Par exemple, le terme « problème » s’est substitué à celui de « question », qui attendait des réponses. Désormais chiffré par des experts, il n’admet qu’une solution et une seule. L’apport des publicitaires consiste en l’inflation de l’hyperbole, la recherche de l’efficacité au dépens de la vraisemblance. L’un des « principaux tours » de la LQR est l’euphémisme, soit par contournement-évitement (partenaires-sociaux, optimisation, restructuration, entrepreneur, …), soit par l’évacuation progressif du sens pour dissimuler un vide (réforme, équitable, crise, les « mots-masques » en post-, offensive,…). L’amplification rhétorique permet de « tirer parti du pouvoir dramatisant de certaines expressions sans aucun risque d’être pris au mot » : mobilisation générale, feuille de route, opération coup de poing,… L’usage de la dénégation sert à prétendre avoir ce qu’on n’a pas » : ressources humaines, dialogue, échange, communication, ensemble, diversité,… « Il entre souvent une part de comique involontaire dans ces efforts de promotion à tout prix. À une époque où l’on compte un nombre inhabituel d’escrocs et de menteurs au plus haut niveau des grandes sociétés, des partis et de l’État, où l’on ne sait plus si le mot affaires a trait aux activités économiques ou aux scandales financiers, les oligarques et leur personnel de haut rang sont présentés dans les médias comme nos élites. » La LQR a une prédilection pour les mots les plus globalisants, immenses chapiteaux dressés dans le champ sémantique et sous lesquels on n’y voit plus rien : totalitarisme, mondialisation,… Ces outils fonctionnent sur la répétition, « l’essorage sémantique » : social et modernité ont ainsi subi un « émiettement du sens » exemplaire.
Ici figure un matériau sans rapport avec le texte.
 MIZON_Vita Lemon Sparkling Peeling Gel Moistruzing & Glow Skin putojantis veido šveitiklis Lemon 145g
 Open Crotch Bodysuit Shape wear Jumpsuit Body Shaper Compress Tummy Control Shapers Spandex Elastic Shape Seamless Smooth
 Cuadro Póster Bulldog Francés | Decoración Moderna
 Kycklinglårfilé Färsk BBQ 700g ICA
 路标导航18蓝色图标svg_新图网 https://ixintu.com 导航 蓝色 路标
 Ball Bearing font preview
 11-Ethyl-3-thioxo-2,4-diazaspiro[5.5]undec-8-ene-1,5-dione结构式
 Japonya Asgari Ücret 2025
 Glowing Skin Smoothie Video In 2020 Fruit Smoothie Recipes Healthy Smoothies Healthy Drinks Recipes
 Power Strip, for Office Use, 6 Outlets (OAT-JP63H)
La LQR exalte tout autant la démocratie parlementaire que la société civile, sans se soucier de cette contradiction, les valeurs universelles dont la France est supposée porteuse, catalogue vertueux dont les éléments sont recyclés à l’infini, au fil des discours qu’Éric Hazan ne manque pas de citer en guise d’illustration, comme pour chacun des termes explorés. La France est aussi qualifiée, de façon récurrentes, de pays des Droits de l’homme et de terre d’accueil, alors même qu’elle ne le fut qu’à des moments historiques très courts : quelques mois pendant la Révolution et quelques semaines pendant la Commune de Paris. Quant à la formule « devoir de mémoire », elle correspond à une « forme de négationnisme », injonction à ne pas oublier nos malheurs tout en imposant le silence sur nos propres forfaits.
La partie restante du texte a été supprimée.